The Ocean Cleanup + Coldplay: “Moon Music”: Limited Edition Coldplay Album For turning waste plastics into a mass appeal object UN SDG: 14, Life Below Water Guatemala
The world’s rivers pull garbage downstream and into oceans, creating trash gyres that grow by nearly 8.5 million tons every year. Plastic makes up most of that waste, and it’s devastating to marine ecosystems, causing both habitat and species loss. The Ocean Cleanup pioneered one effective strategy to confront this problem, intercepting waste at the river level, long before it reaches the ocean. To do this, it uses a vessel called the Interceptor, a conveyor belt-equipped barge that collects trash and then offloads it into an onshore dumpster. This intervention works, keeping trash out of the oceans. But once collected, where does the garbage go next? A project launched in 2023 with the internationally beloved rock band, Coldplay, is The Ocean Cleanup’s first attempt at addressing this issue.
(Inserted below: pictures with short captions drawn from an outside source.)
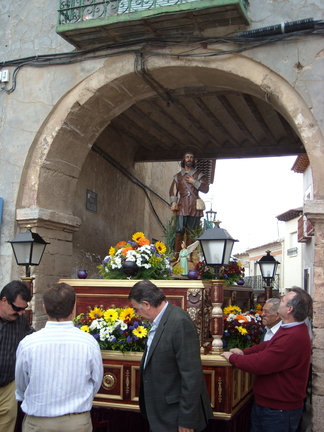 15 de mayo de 2008, procesión de San Isidro en el arco de la villeta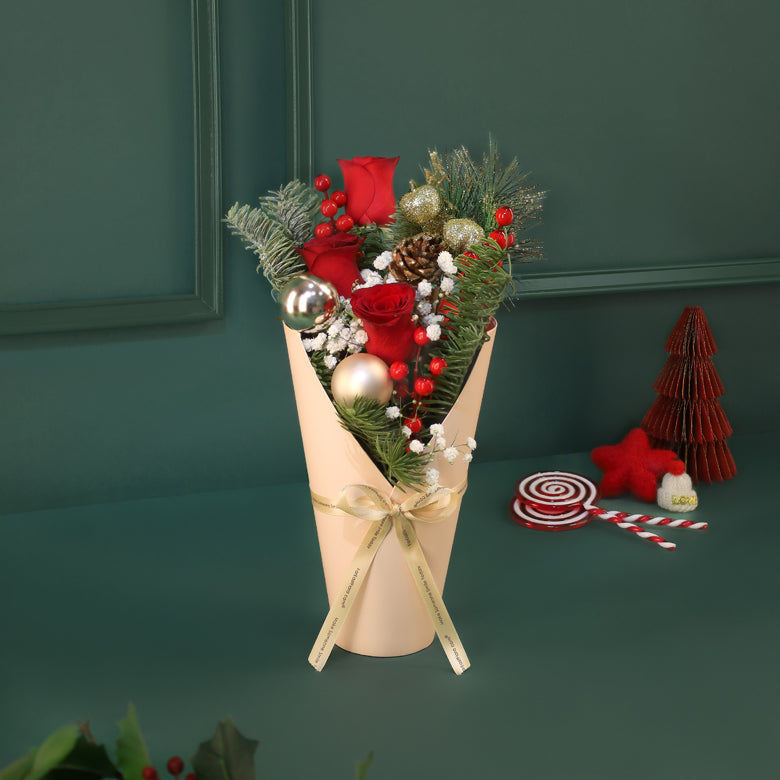 Holly Jolly Flower Cone – Table Flowers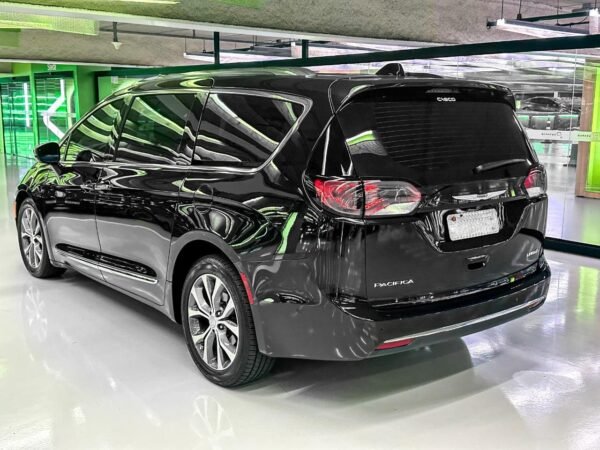 Chrysler Pacifica - Imagem 2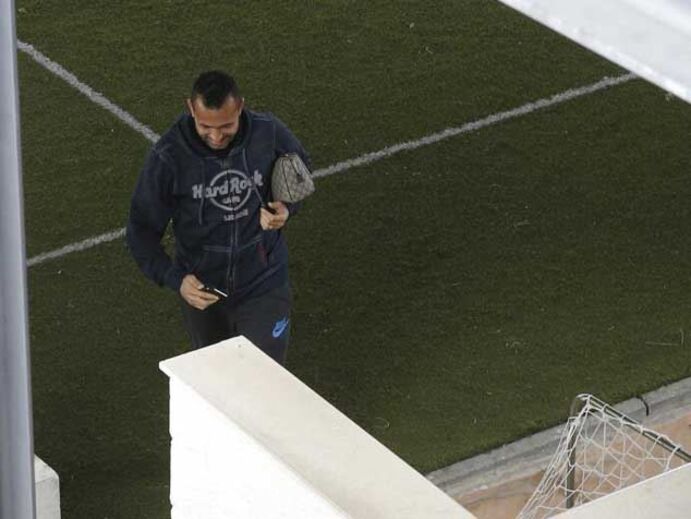 Jefferson afastado mas sorridente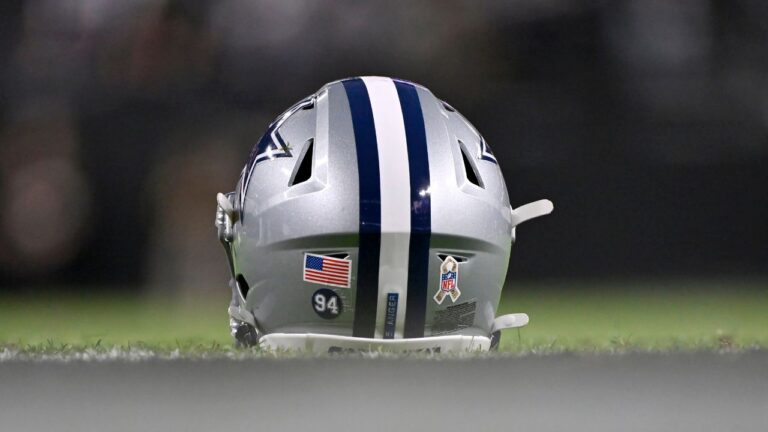 Former Dallas Cowboy Marshawn Kneeland had early stage CTE at time of death
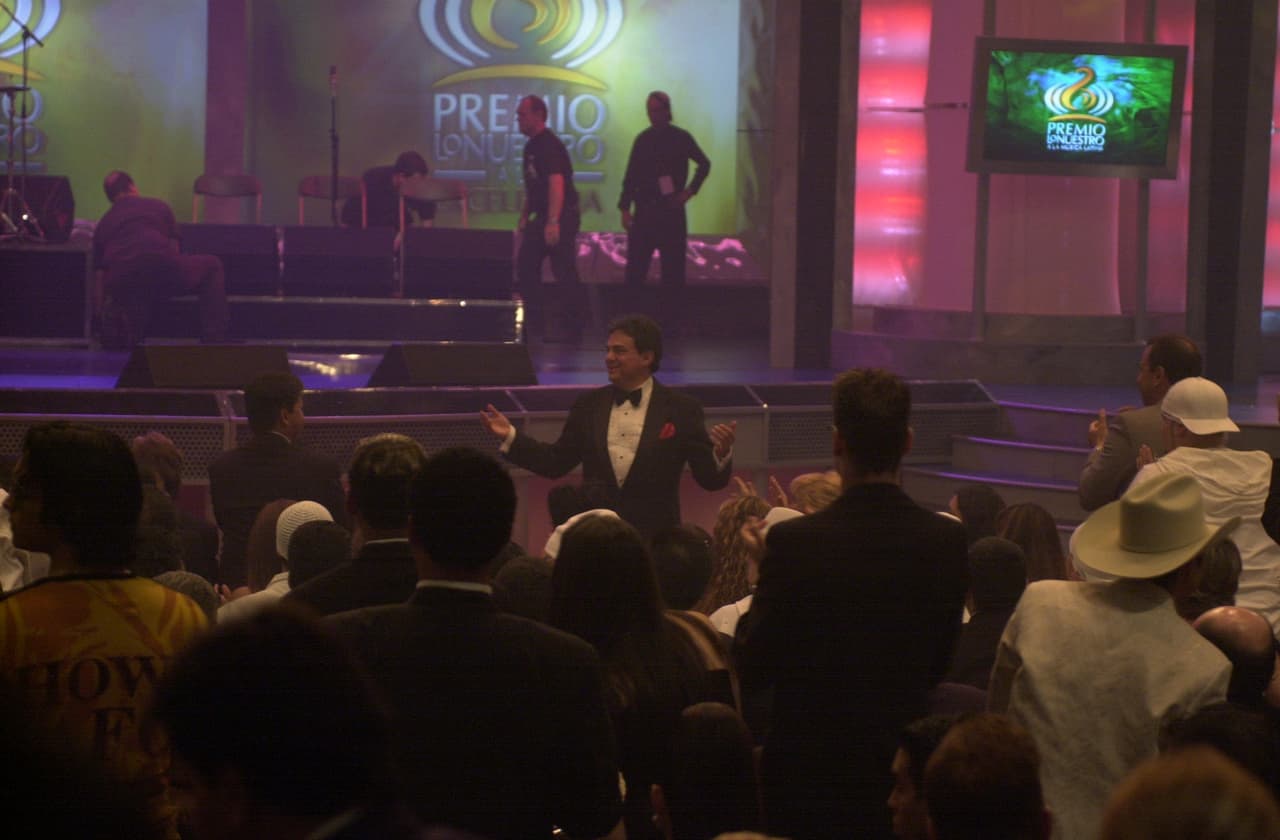 En la categoría Regional Mexicana el Grupo el premio para el Grupo del Año fue para El Palomo y la Canción del Año para Vicente Fernánez por la melodía: ''El ayudante'.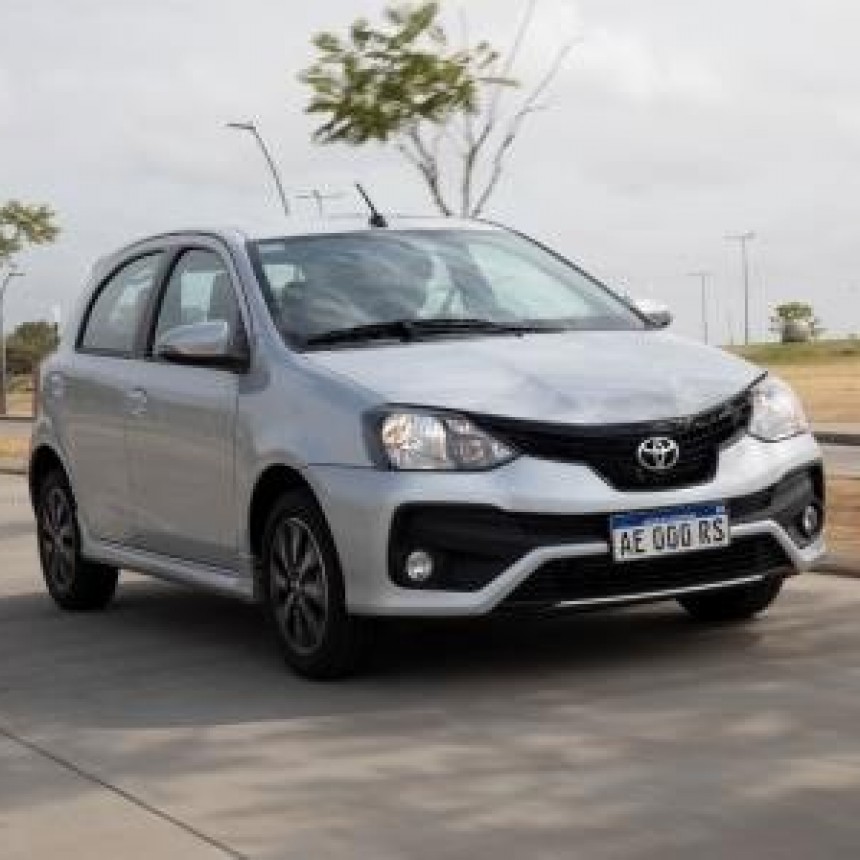 Verano con KINTO Share : descargas récord de la app, más puntos de retiro y más vehículos Toyota en todo el país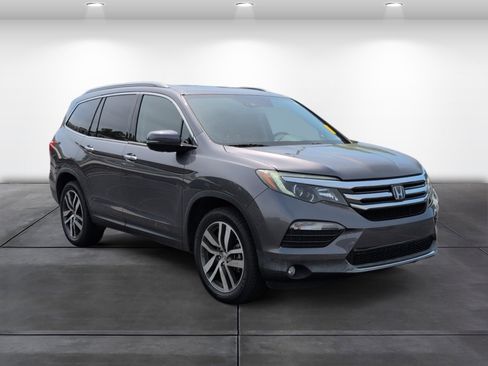 Used 2017 Honda Pilot Elite image 2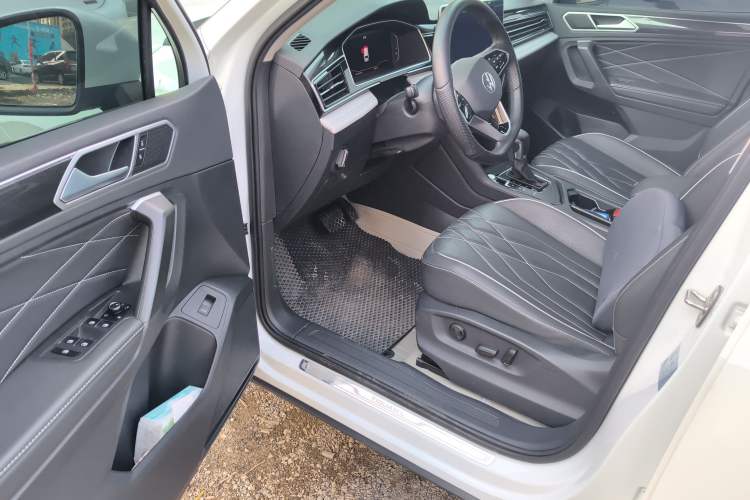 Used Volkswagen Tiguan L 2023 300TSI Automatic Two-Wheel Drive Smart Edition Driver Seat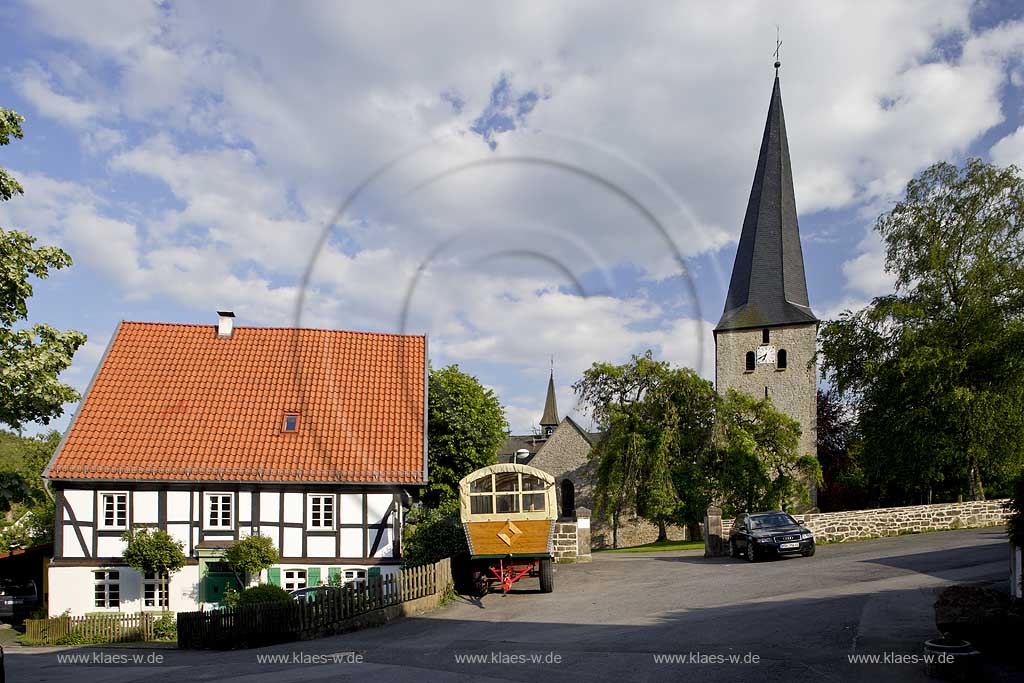 Sundern, Stockum, Hochsauerlandkreis, Blick auf Pfarrkirche mit schiefem Turm, Sauerland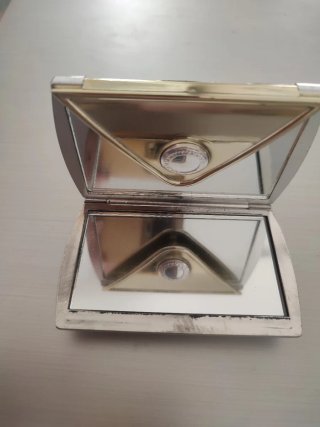 Espejo de bolso plateado y dorado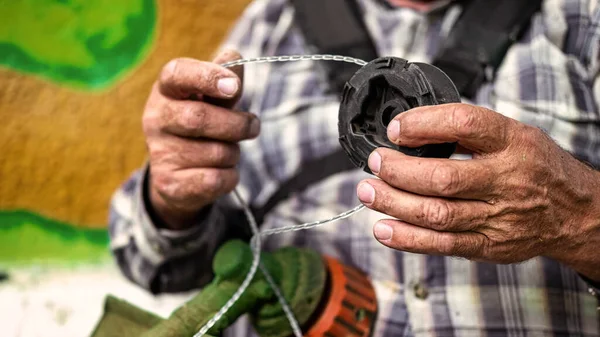Homem Está Consertando Seu Cortador Grama Mão — Fotografia de Stock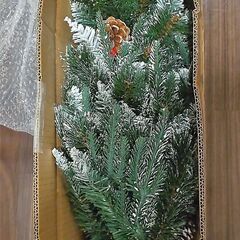 クリスマスツリー　ポットツリー　90㎝　松かさ　スノー　木の実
Coldplay began partnering with The Ocean Cleanup in 2021, and the band supports the organization’s mission in various ways: providing funding for operations removing plastic from oceans and rivers, sponsoring Interceptor 005 in Malaysia (and the planned Interceptor 020 in Indonesia), and sharing The Ocean Cleanup’s mission by showing footage of cleaning operations at their live shows. In 2023, the band deepened its commitment through a special clean-up initiative in Guatemala’s Río Las Vacas. The plastic collected from the cleanup is being used to create a limited-edition Coldplay album that will be available to the public in fall 2024.
Two questions drove the project: What do we do with waste once it’s collected from the ocean? And what can be salvaged and repurposed to decrease the burden on landfills and to extend the life of discarded objects? The project’s corporate recycling, processing, and manufacturing partners were key to finding the answer. After long periods of testing and collaboration, commercial partners created an album made of 70 percent PET river plastic, all removed from the Rio Las Vacas and passed through a traceable and sustainable supply chain.